Her scent was on the robe. Not a perfume, but her — a light, delicious fragrance. It reminded him of his tiredness. He went into one of the spare bedrooms and lay down. “To stretch his legs,” as his father would confusingly say, mangling the English expression.

It was late afternoon when della Torre woke to the sound of birds. He resisted at first, wanting to prolong the feeling, to rest his bones until they’d savoured every last possible grain of sleep. But he knew he had to get up. Nearly four o’clock. He was hungry.

He went to check his clothes and cursed. They were sitting in a machine full of water. He’d neglected to switch on the spin cycle. They’d need drying too.

Nothing to be done. His stomach rumbled, so he went into the kitchen to see what he might be able to rustle up and fixed himself a couple of fried eggs with bread. He opened a beer and was surprised to find it was drinkable. No wonder: it was Czech. He was enjoying a cigarette when he heard a key click in the door. Once again, he thought of his gun too late. It was still in pieces inside his suitcase.

He was standing, facing the door, when the woman stepped in. She stopped, pulled back into the doorway, and stood there, holding the frame as if she was going to push off it when she bolted. She paused before speaking.

“Who are you, and what are you doing here? And why are you wearing my dressing gown?” There was a tremor in her voice.

He held his hands up in a show of peaceful intent.

“I’m a friend of Strumbić’s. He gave me the keys to his place and told me I could stay here while I was in London.”

“Who?”

“Strumbić, he owns this place.

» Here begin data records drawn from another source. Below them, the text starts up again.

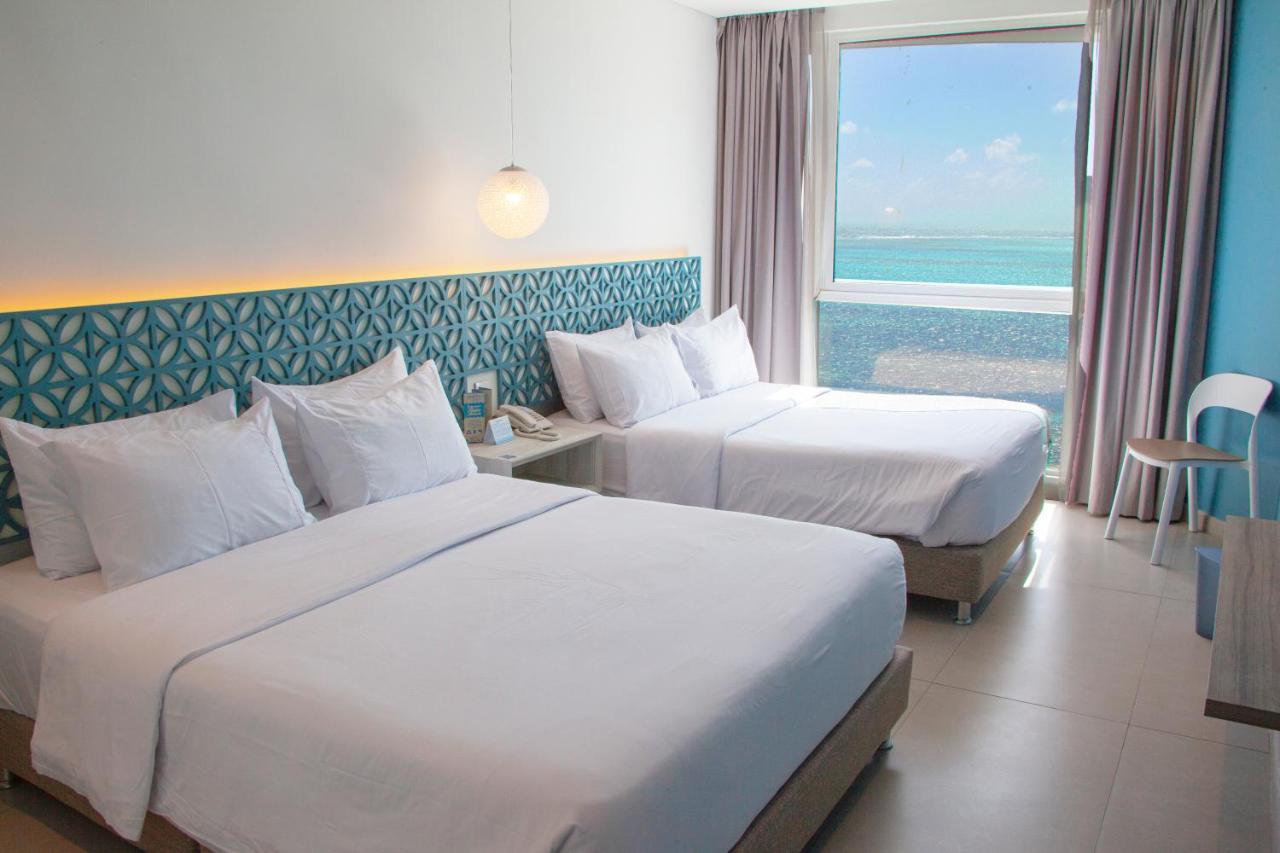 Samawi Hotel San Andrés Extérieur photo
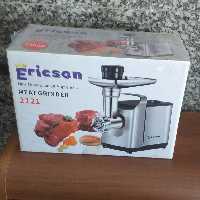 چرخگوشت اریکسون مدل2121 (پس کرایه)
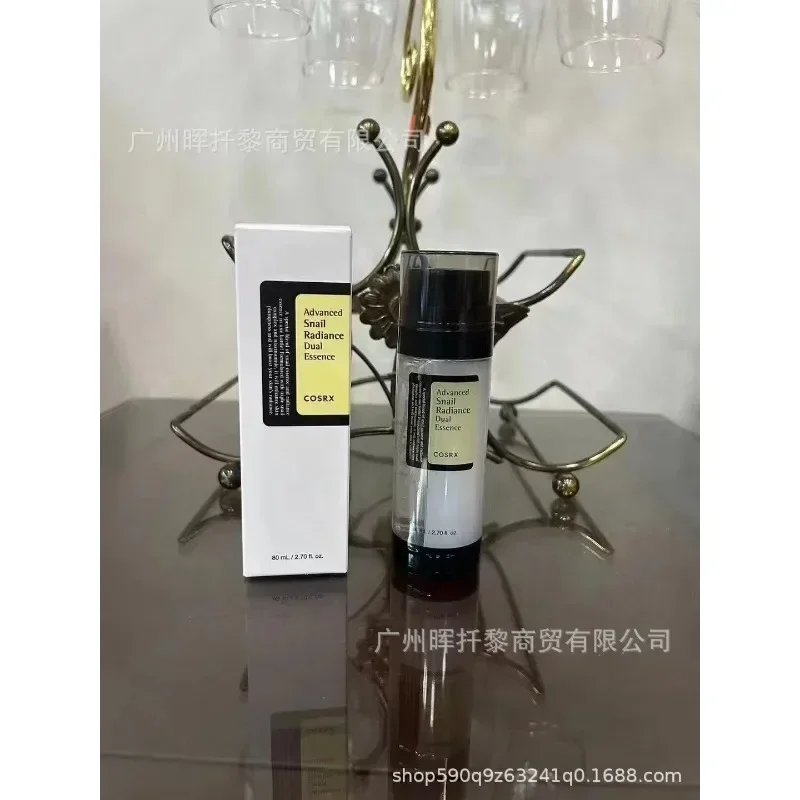 كوسركس الحلزون مصل الكولاجين محلول الوجه الرؤوس السوداء جوهر السائل مكافحة الشيخوخة ترطيب ترطيب الحماية من الشمس 50 مللي #6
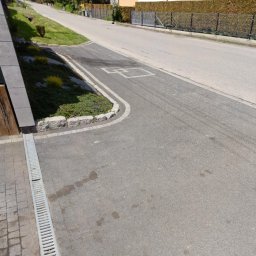 Krycie dachów Puńców 4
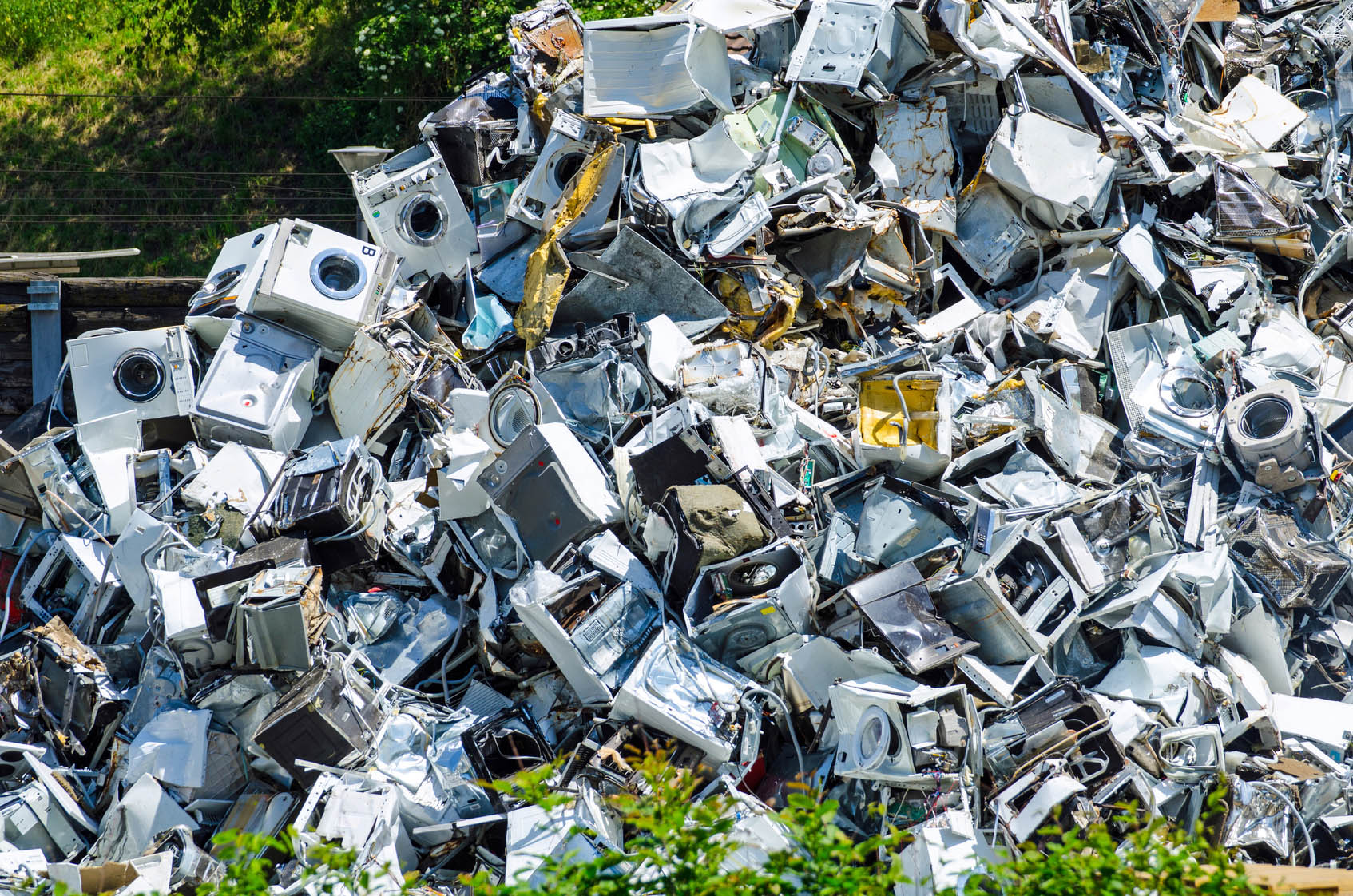 electronic waste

I used his keys to get in.”

“I don’t know anybody with that name.”

Della Torre shrugged.

“I think you might have to leave.”

“Let me explain.”

“I think the only thing you have to explain is why you haven’t gone yet.”

“Can I keep your dressing gown, then? My clothes are in the washer. You see, I flew in from Italy last night and I was robbed of my money and my things.”

She watched him, her eyes alert, fearful. And cold.

“I know what it looks like, but I promise you it’s not how it seems,” he said. “Listen. You stand there. I’ll stand here, right up against the wall. I’ll turn around if you like. And maybe we can talk. Put a chair in front of the door if you like. But I promise you, I’m pretty sure I have as much right to be here as you.”

She considered him for a long time, tense, poised to slam the door shut and run. But she stayed.

“I’ll listen,” she said slowly, “as long as you do one thing first.” She’d loosened her grip on the door frame but continued to watch him intently, unblinking.